======== Material for this exercise

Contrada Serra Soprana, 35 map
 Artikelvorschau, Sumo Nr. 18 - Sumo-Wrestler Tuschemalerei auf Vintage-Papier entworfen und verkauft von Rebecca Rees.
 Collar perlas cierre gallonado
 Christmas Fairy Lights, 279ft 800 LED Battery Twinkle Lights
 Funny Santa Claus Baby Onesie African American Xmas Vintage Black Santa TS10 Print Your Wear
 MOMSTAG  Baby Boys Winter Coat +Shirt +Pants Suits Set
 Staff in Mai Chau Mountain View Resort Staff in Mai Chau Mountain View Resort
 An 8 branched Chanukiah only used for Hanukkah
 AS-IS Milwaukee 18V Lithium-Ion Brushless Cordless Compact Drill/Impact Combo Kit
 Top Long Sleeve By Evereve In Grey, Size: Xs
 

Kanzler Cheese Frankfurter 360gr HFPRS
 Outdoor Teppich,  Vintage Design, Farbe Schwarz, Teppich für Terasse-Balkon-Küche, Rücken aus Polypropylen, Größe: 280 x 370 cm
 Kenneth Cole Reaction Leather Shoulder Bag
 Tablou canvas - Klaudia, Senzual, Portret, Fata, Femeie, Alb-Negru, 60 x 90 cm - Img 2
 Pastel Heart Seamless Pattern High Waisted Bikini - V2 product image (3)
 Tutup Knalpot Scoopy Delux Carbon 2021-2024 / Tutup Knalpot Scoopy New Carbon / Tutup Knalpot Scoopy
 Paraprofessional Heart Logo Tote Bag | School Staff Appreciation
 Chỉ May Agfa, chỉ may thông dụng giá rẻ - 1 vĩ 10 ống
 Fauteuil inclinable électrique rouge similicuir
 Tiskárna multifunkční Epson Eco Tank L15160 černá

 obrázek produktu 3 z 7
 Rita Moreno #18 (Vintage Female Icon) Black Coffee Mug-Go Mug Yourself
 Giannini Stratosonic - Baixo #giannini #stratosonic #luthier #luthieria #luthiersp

================

Your answer should hold the line with "280 x 370 cm" and each line after it to the end of the data, retyped exactly. Include no other lines.

Solved problem:
 Outdoor Teppich,  Vintage Design, Farbe Schwarz, Teppich für Terasse-Balkon-Küche, Rücken aus Polypropylen, Größe: 280 x 370 cm
 Kenneth Cole Reaction Leather Shoulder Bag
 Tablou canvas - Klaudia, Senzual, Portret, Fata, Femeie, Alb-Negru, 60 x 90 cm - Img 2
 Pastel Heart Seamless Pattern High Waisted Bikini - V2 product image (3)
 Tutup Knalpot Scoopy Delux Carbon 2021-2024 / Tutup Knalpot Scoopy New Carbon / Tutup Knalpot Scoopy
 Paraprofessional Heart Logo Tote Bag | School Staff Appreciation
 Chỉ May Agfa, chỉ may thông dụng giá rẻ - 1 vĩ 10 ống
 Fauteuil inclinable électrique rouge similicuir
 Tiskárna multifunkční Epson Eco Tank L15160 černá

 obrázek produktu 3 z 7
 Rita Moreno #18 (Vintage Female Icon) Black Coffee Mug-Go Mug Yourself
 Giannini Stratosonic - Baixo #giannini #stratosonic #luthier #luthieria #luthiersp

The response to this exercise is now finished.